Sometimes, it might be useful to store some checkpoints while executing an algorithm. In particular, if a run is very time-consuming. pymoo offers to resume a run by serializing the algorithm object and loading it. Resuming runs from checkpoints is possible

  • the functional way by calling the minimize method,

  • the object-oriented way by repeatedly calling the next() method or

  • from a text file (Biased Initialization from Population )

Functional

[1]:
import dill
from pymoo.problems import get_problem

from pymoo.algorithms.moo.nsga2 import NSGA2
from pymoo.optimize import minimize
from pymoo.termination.max_gen import MaximumGenerationTermination

problem = get_problem("zdt1", n_var=5)

algorithm = NSGA2(pop_size=100)

res = minimize(problem,
               algorithm,
               ('n_gen', 5),
               seed=1,
               copy_algorithm=False,
               verbose=True)

with open("checkpoint", "wb") as f:
    dill.dump(algorithm, f)

with open("checkpoint", 'rb') as f:
    checkpoint = dill.load(f)
    print("Loaded Checkpoint:", checkpoint)

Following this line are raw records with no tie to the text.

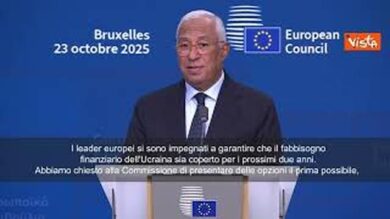 Consiglio Ue, Costa: Paesi europei impegnati in sostegno finanziario a Ucraina per due anni
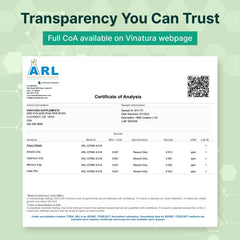 VINATURA certificado NSF en imagen subrayando pruebas de calidad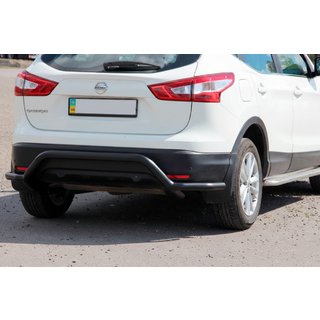 Bakbåge AK007-Plus Black (rostfritt stål) Nissan Qashqai 2014–2021 foto 2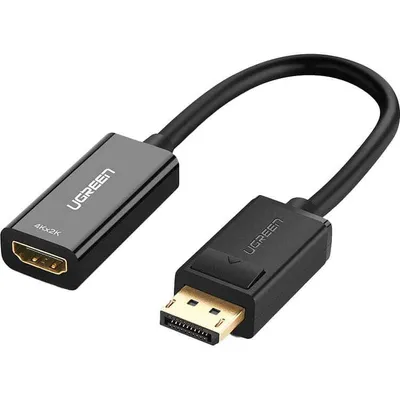 Image de Câble adaptateur Ugreen DisplayPort (mâle) - HDMI (femelle) 4K x 2K noir (MM137)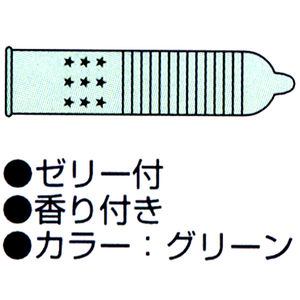 Nakanishi 中西日本進口味覺橫紋凸點系列安全套(12片裝)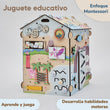 Casita educativa de madera "Dinosaurios" con iluminación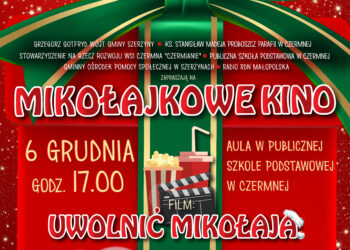 plakat kinowy mikolajkowy Szerzyny
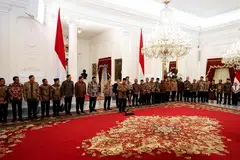 Prabowo's (centre) Cabinet expansion has raised concerns about increasing sectoral interests among top government officials.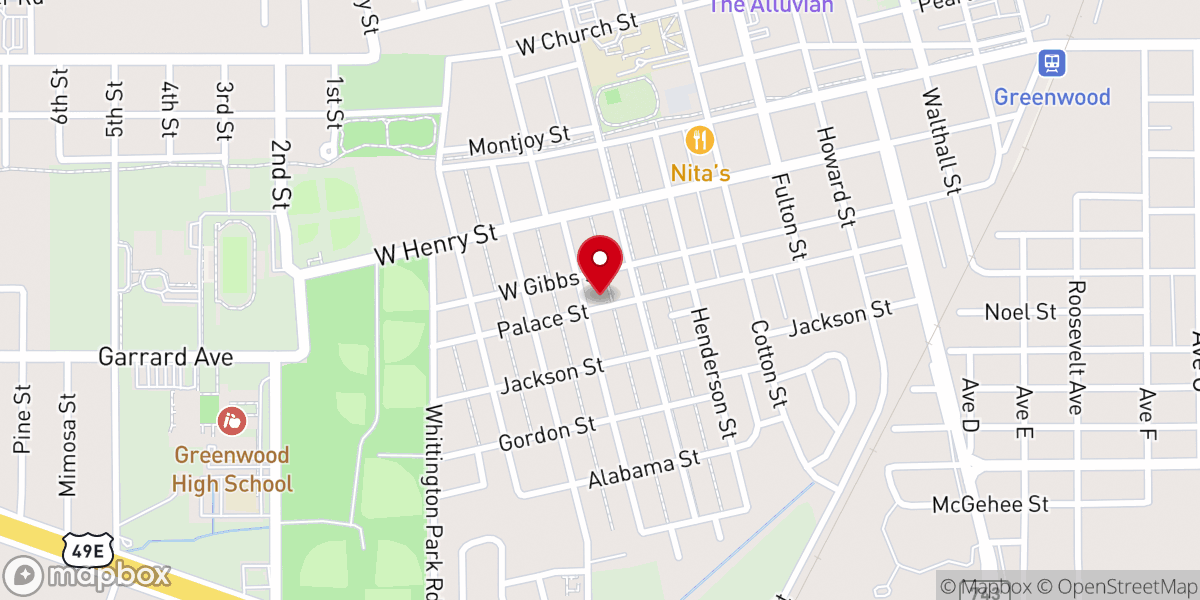 Map showing location of Turner Chapel AME Church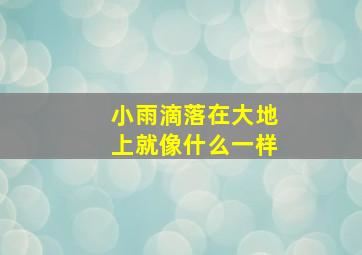 小雨滴落在大地上就像什么一样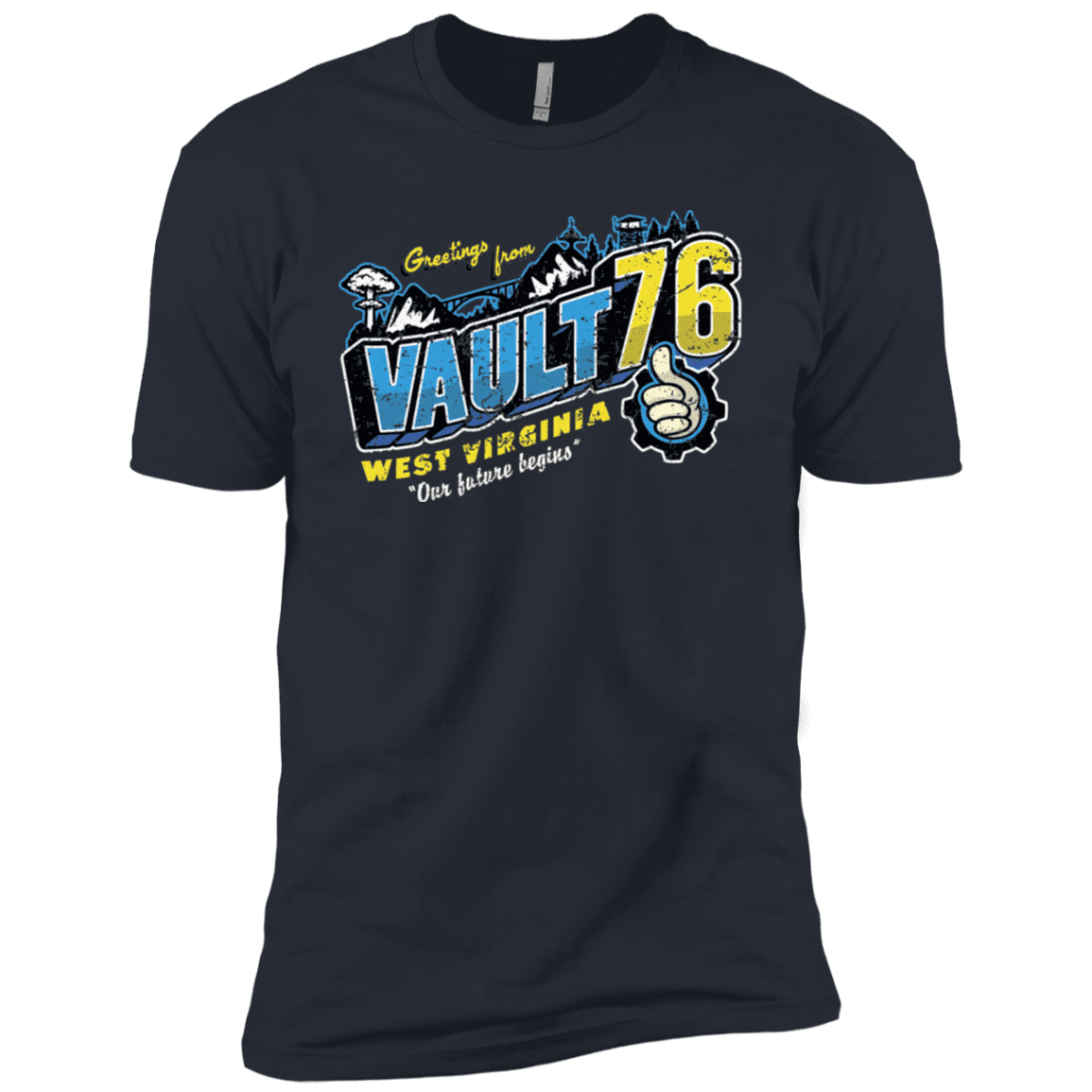T-Shirts Indigo / X-Small Greetings from WV Vault Men's Premium T-Shirt
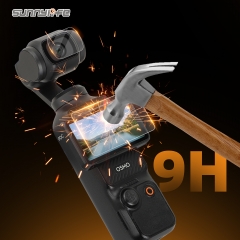 Sunnylife Lens Screen Protector AR Anti-reflection Tempered Glass Protective Film with Film Locator Accessories for Osmo Pocket 3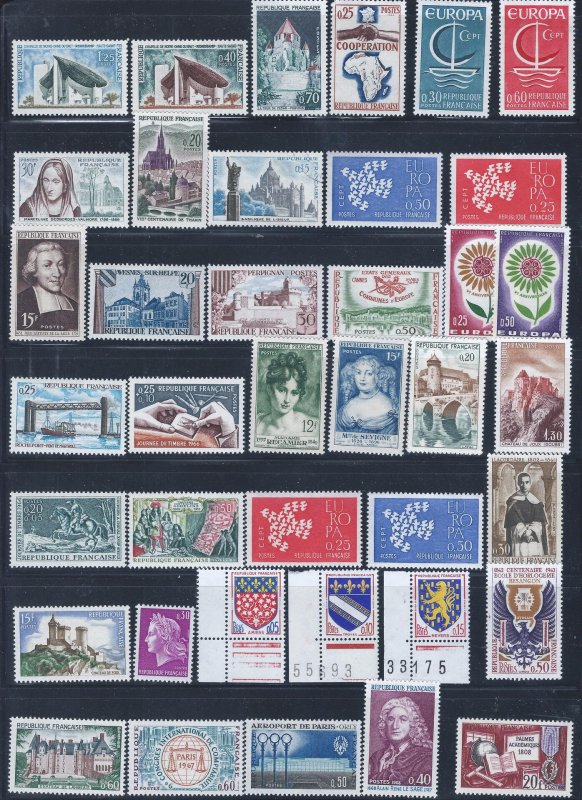 FRANCE 75 MNH STAMPS STARTS A A LOW PRICE LOOK!!!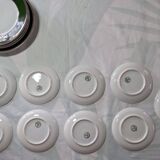 Antique service 31 pieces – S.P.M. Walküre Bavaria – Empire Green & lace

# only necessary if for the checkpoint the termination criterion has been met
checkpoint.termination = MaximumGenerationTermination(20)

res = minimize(problem,
               checkpoint,
               seed=1,
               copy_algorithm=False,
               verbose=True)

Compiled modules for significant speedup can not be used!
https://pymoo.org/installation.html#installation

To disable this warning:
from pymoo.config import Config
Config.warnings['not_compiled'] = False

==========================================================================
n_gen  |  n_eval  | n_nds  |      igd      |       gd      |       hv
==========================================================================
     1 |      100 |      6 |  0.5914067243 |  2.8577180757 |  0.0841819857
     2 |      200 |     11 |  0.5585768211 |  2.9109400192 |  0.0841819857
     3 |      300 |      7 |  0.5585768211 |  1.4181629093 |  0.0841819857
     4 |      400 |     10 |  0.3825358404 |  0.8914187867 |  0.2070607532
     5 |      500 |     15 |  0.3261566436 |  0.6950892340 |  0.2438988346
Loaded Checkpoint: <pymoo.algorithms.moo.nsga2.NSGA2 object at 0x124fac0a0>
     6 |      600 |     14 |  0.2923258920 |  0.6466955820 |  0.2642929306
     7 |      700 |     16 |  0.2463025717 |  0.4725884895 |  0.3260276052
     8 |      800 |     15 |  0.2129582883 |  0.2431807423 |  0.3683041634
     9 |      900 |     20 |  0.1923479589 |  0.2177922486 |  0.4110152031
    10 |     1000 |     27 |  0.1415830515 |  0.1783638654 |  0.4561861955
    11 |     1100 |     28 |  0.1035407442 |  0.1535122238 |  0.4937232514
    12 |     1200 |     28 |  0.0880462696 |  0.1237908540 |  0.5205170196
    13 |     1300 |     30 |  0.0678094011 |  0.0789824650 |  0.5500254394
    14 |     1400 |     38 |  0.0590814807 |  0.0680016007 |  0.5649987773
    15 |     1500 |     43 |  0.0433866819 |  0.0434990796 |  0.5919874829
    16 |     1600 |     47 |  0.0338105422 |  0.0307276242 |  0.6109725279
    17 |     1700 |     51 |  0.0296574791 |  0.0256044693 |  0.6181001831
    18 |     1800 |     60 |  0.0250598414 |  0.0205876786 |  0.6268654140
    19 |     1900 |     66 |  0.0195637417 |  0.0176046603 |  0.6341363564
    20 |     2000 |     68 |  0.0164909665 |  0.0137287454 |  0.6390702006

Object Oriented

[2]:
import dill

from pymoo.algorithms.moo.nsga2 import NSGA2
from pymoo.problems import get_problem

problem = get_problem("zdt1", n_var=5)

algorithm = NSGA2(pop_size=100)

algorithm.setup(problem, seed=1, termination=('n_gen', 20))

for k in range(5):
    algorithm.next()
    print(algorithm.n_gen)

    with open("checkpoint", "wb") as f:
        dill.dump(algorithm, f)


with open("checkpoint", 'rb') as f:
    checkpoint = dill.load(f)
    print("Loaded Checkpoint:", checkpoint)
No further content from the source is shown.